+++ Provided information

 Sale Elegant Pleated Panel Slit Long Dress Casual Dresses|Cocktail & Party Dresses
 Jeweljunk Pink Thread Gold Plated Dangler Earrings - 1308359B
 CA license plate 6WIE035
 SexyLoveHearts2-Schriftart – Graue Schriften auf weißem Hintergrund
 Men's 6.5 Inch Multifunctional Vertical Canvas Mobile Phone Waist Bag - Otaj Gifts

++++++
+++ Provided information

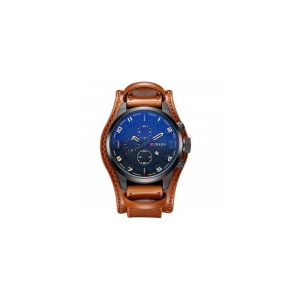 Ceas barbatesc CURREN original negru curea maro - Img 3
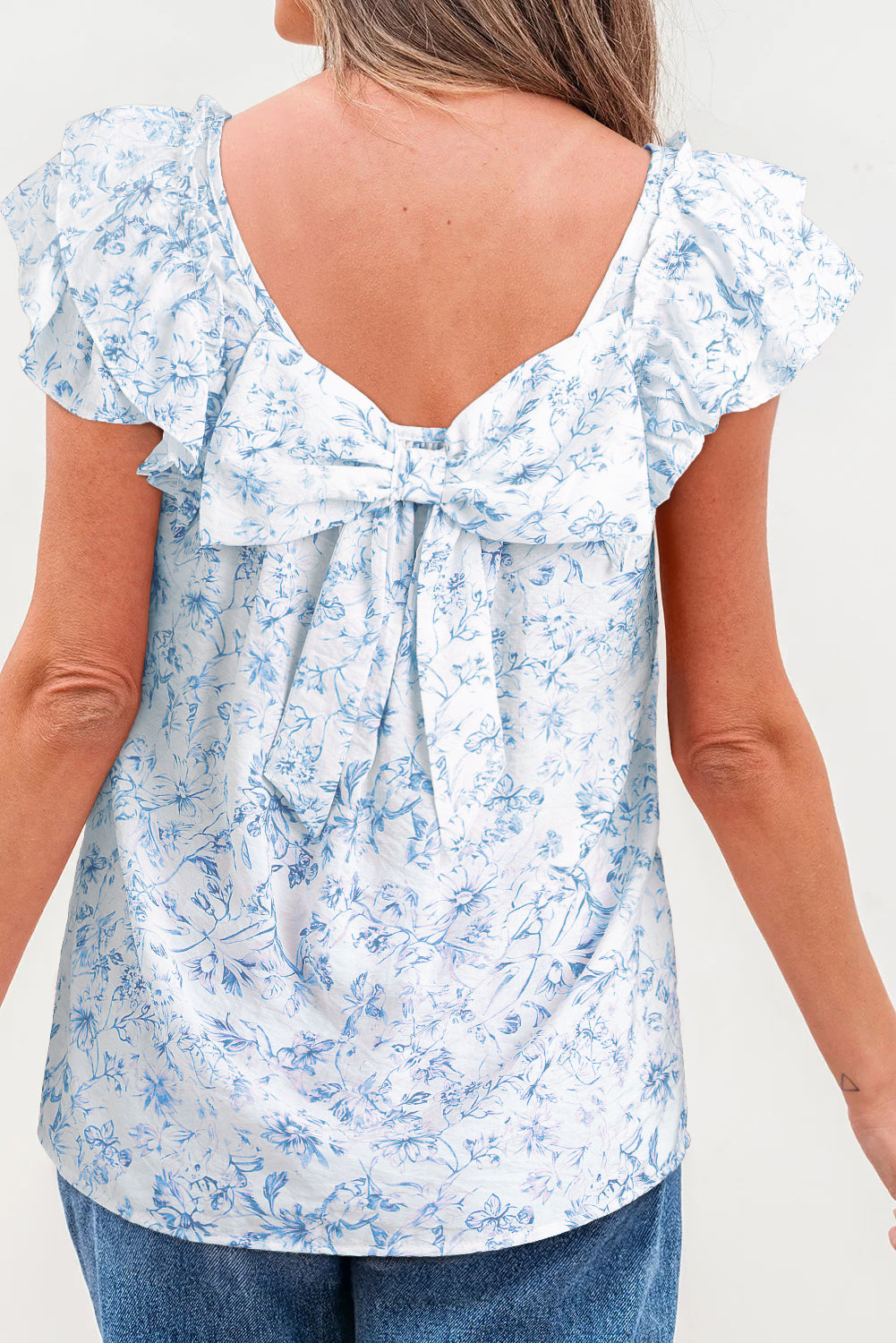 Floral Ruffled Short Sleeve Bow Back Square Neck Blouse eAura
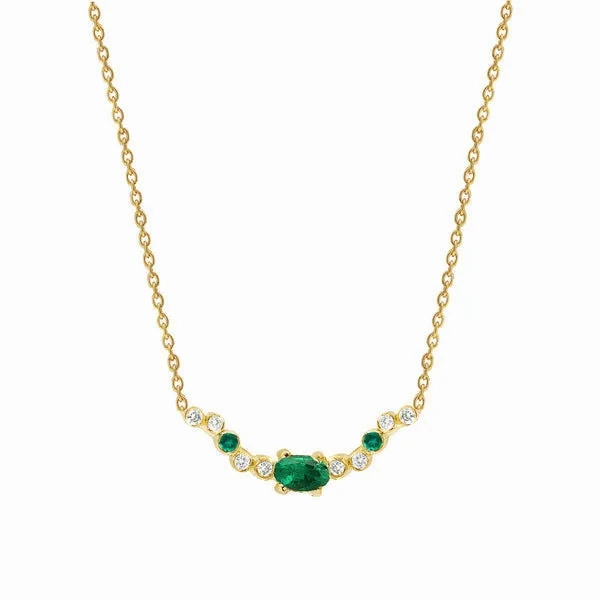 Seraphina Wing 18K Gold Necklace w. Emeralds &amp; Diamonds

++++++

What to work on = The reply should hold only the lines of the listing above starting at the line containing "Sale Elegant Pleated" and ending at the line containing "Men's 6.5 Inch", exactly as written.

Response area =
 Sale Elegant Pleated Panel Slit Long Dress Casual Dresses|Cocktail & Party Dresses
 Jeweljunk Pink Thread Gold Plated Dangler Earrings - 1308359B
 CA license plate 6WIE035
 SexyLoveHearts2-Schriftart – Graue Schriften auf weißem Hintergrund
 Men's 6.5 Inch Multifunctional Vertical Canvas Mobile Phone Waist Bag - Otaj Gifts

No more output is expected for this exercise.